Problem requirements :: Under this line are records; the part from the line containing "A balcony with" through the line containing "May include: A" should be repeated exactly. Please exclude pictures.

Stored data ::
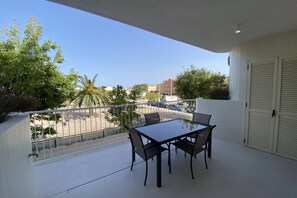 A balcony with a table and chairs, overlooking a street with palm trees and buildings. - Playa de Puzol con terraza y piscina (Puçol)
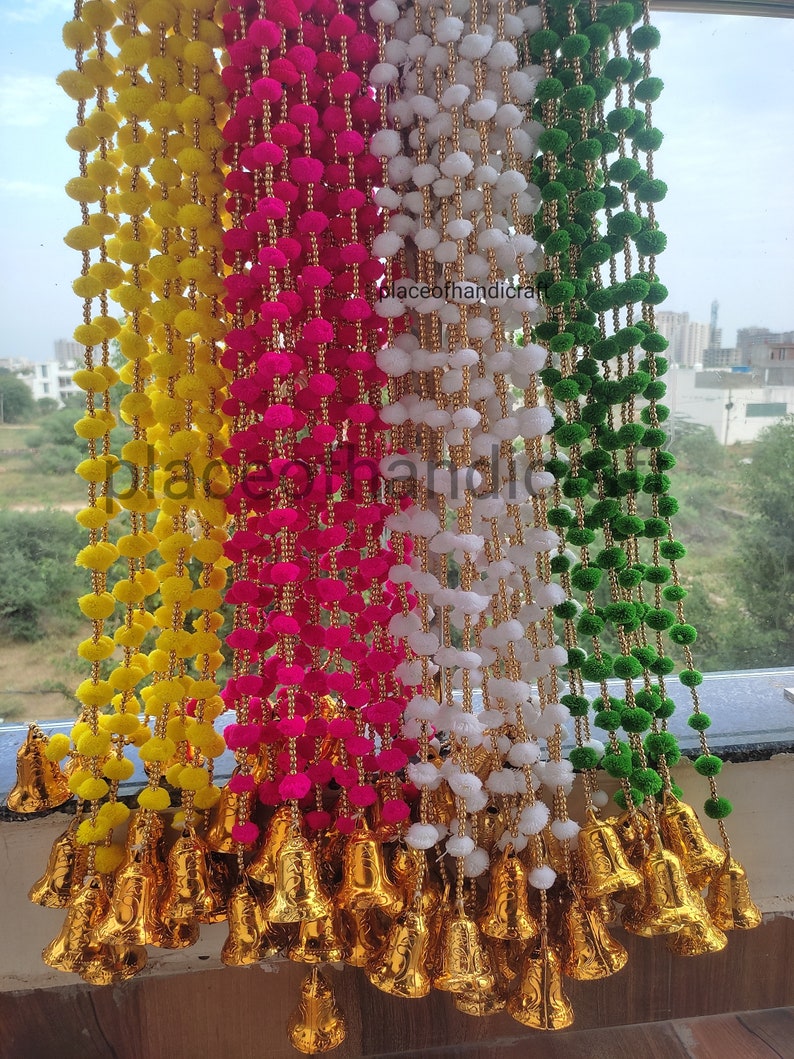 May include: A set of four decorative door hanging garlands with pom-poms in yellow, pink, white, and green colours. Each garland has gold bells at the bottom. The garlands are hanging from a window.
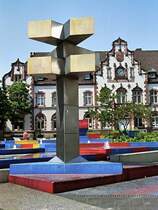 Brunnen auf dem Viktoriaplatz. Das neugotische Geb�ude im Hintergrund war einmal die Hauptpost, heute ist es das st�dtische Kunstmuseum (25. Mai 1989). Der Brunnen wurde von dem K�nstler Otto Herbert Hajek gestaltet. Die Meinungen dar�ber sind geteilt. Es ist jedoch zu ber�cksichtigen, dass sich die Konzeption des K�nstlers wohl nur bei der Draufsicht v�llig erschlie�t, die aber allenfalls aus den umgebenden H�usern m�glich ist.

--

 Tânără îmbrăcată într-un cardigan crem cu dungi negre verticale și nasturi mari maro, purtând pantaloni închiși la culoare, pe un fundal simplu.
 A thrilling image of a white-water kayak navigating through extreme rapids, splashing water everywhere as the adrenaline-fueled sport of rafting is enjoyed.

Exercise answer ::
 A balcony with a table and chairs, overlooking a street with palm trees and buildings. - Playa de Puzol con terraza y piscina (Puçol)
 May include: A set of four decorative door hanging garlands with pom-poms in yellow, pink, white, and green colours. Each garland has gold bells at the bottom. The garlands are hanging from a window.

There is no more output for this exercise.